Lan Barnes wrote:
I have never worked at a technical company which gave any negotiation
latitude to the HR people. Only the hiring manager had that latitude.
Maybe we've worked at different size enterprises. Where I've interviewed,
managers peg the slot, vote up or down, and say how eager they are. HR
does the negotiations.
Huh. I was a hiring manager at ATI. Not exactly small. Yes, we had
slots but a lot of latitude within those slots. It could be the fact
that this was for VLSI designers (electrical engineers) rather than
software.
Personally, I preferred doing the negotiations, but, then, I have a
fairly extroverted personality. It allowed me to reinforce what kind of
manager I was going to be.
For example, I always had to hold some in reserve for people who
absolutely insisted on negotiating. They just aren't happy unless they
get to haggle. However, for those who didn't negotiate, I would dump
the reserve in the final offer anyway and tell them it was what they
could have negotiated. That made both groups very happy. Negotiators
thought they got a good deal. Those who didn't negotiate also thought
they got a good deal and got a lesson that I was going to try to look
after their interests even in those situations where they where more
inexperienced.
It should. It permeates your relationship. Doing a good job takes what it
takes. Most of my work in a new place entails assessing their use of and
adherence to standards and process; then selling/seducing everybody on
improving or tightening (or introducing) standards and process. That takes
time. The best practices are all already developed, no time needed to look
them up. The time is in getting people to buy into them and own them.

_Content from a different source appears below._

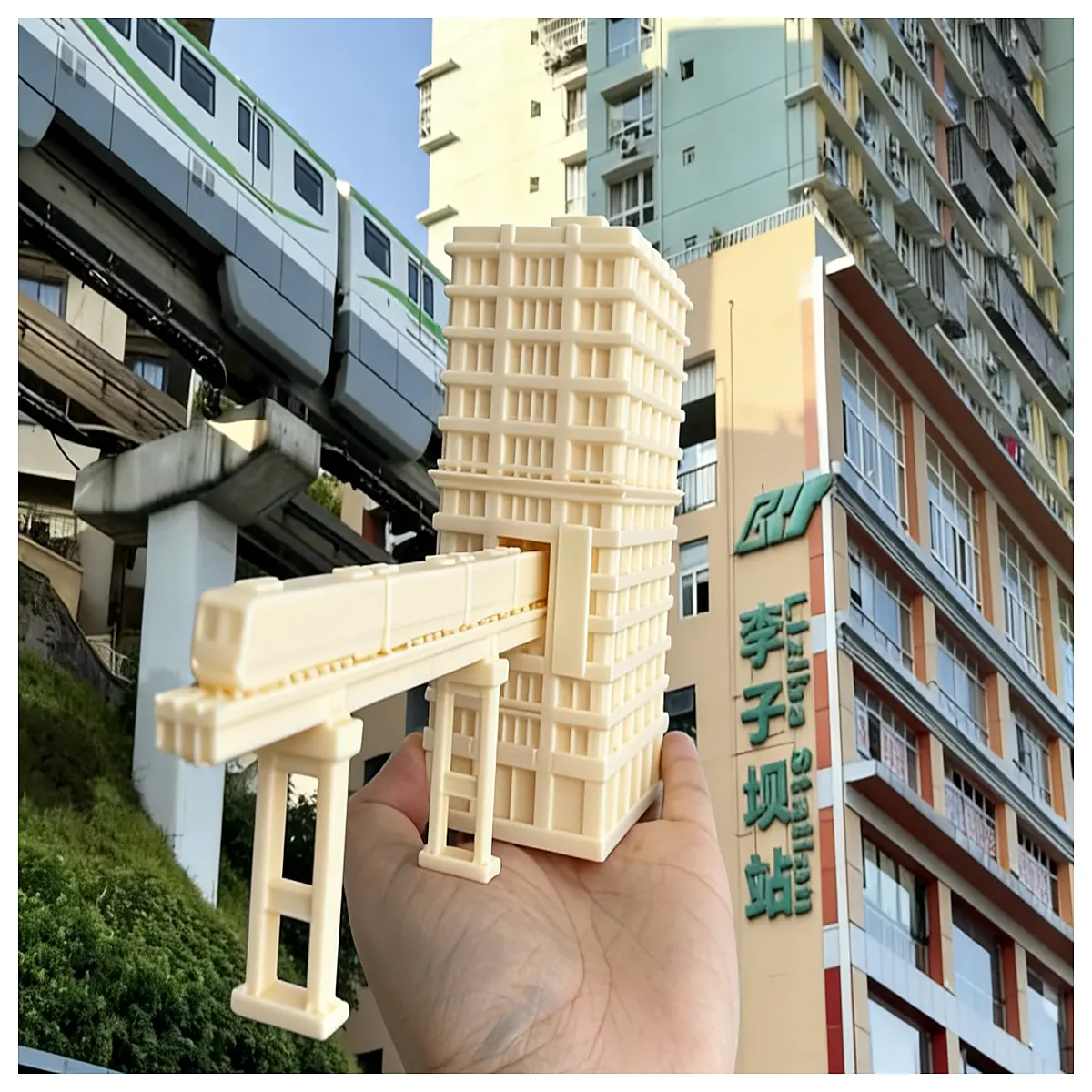 Liziba Metro Tunnel Rail Transit Design Building Penetration Urban Traffic Innovation Track Solutions Architectural Design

Ah. VLSI design has much more concrete deliverables--deliver a circuit,
build a CAD tool, integrate the chip, tape the chip out--they are right
or wrong. There's always some politics, but in a good company it's more
about getting it done correctly and fast. And correctly means correctly
in a "We're sending a million dollars to TSMC and have to wait 8 weeks
to find out the results." way.
In that environment, I know what my skill level is relative to the mean
and that reflects into my responsibilities and salary. I expect a
company to pay me more, but, in return, the company expects more out of
me (faster delivery, catch mistakes by junior people, teach the junior
people how to do better). I consider that a fair trade.